There has been a surging interest in garage bands, praise bands, and jam sessions.

With these comes a whole new group of people who wish they were on the stage instead of the audience. Most adults sit back with the attitude that it's too late for them to start an instrument and get to the level of playing with a group, but surprisingly you can get there with a little patience and practice.

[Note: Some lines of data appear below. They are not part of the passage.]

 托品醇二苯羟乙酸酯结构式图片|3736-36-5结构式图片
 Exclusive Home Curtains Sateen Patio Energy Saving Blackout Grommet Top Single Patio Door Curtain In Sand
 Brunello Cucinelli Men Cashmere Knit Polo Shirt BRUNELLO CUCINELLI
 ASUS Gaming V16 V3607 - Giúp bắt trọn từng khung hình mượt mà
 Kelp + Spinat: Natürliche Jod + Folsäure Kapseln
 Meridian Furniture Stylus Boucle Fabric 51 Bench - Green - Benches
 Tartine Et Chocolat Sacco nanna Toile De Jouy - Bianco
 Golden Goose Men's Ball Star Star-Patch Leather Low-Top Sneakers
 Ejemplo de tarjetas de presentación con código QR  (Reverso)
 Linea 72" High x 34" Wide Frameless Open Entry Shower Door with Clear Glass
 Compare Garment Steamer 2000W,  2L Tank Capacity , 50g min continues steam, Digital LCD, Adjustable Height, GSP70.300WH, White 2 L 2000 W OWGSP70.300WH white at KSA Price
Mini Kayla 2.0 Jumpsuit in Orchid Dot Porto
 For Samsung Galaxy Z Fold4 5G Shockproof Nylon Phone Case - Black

  • Select an instrument that's right for you. Stop and think about your past. Did you play an instrument back in school? If so maybe it's time to dig it out of the closet. Many instruments can be refurbished and some may just need the dust knocked off.
  • Getting a beginner book that refreshes fingerings and introduces some new songs may be all it takes to get you back into playing and with so many new 'fun' books available, you may find yourself playing music from current movies or radio hits in no time.
  • Maybe you have never picked up an instrument and the thought of lessons is a bit much. There are dozens of instruments that can be played at an entry level and the more you play, the more you can master. A single drum like a djembe is easily transportable, there are many opportunities to join in with drum circles/ensembles, and it's a great instrument to mess around with and figure out beats at home.
  • Wind instruments like harmonicas, recorders, and tin whistles are not only affordable (most starting at $2.50), they are instruments easy to start out on. Many times, you can find yourself playing simple folk tunes within a day. My husband taught himself Jingle Bells out of a book after only one day, and the only prior instrument he had played was the radio!
  • Tambourines are a welcome addition to many bands from rock to praise. Even shakers, guiros, and the occasional rain stick are fun great ways to join in.
  • With many new play-along CD options out there you can practice your new instrument with a CD backing and get comfortable playing along before you join other musicians.
  • Programs like Weekend Warriors & New Horizons provide opportunity for instrumentalist to play with others with the direction of a coach/director that guides the group.
  • Jam sessions and "open mic" nights are a chance for a variety of musicians to get out and play either solo or in groups. Attending these sessions and watching musicians helps you get a feel for the event before bringing your instrument and joining in.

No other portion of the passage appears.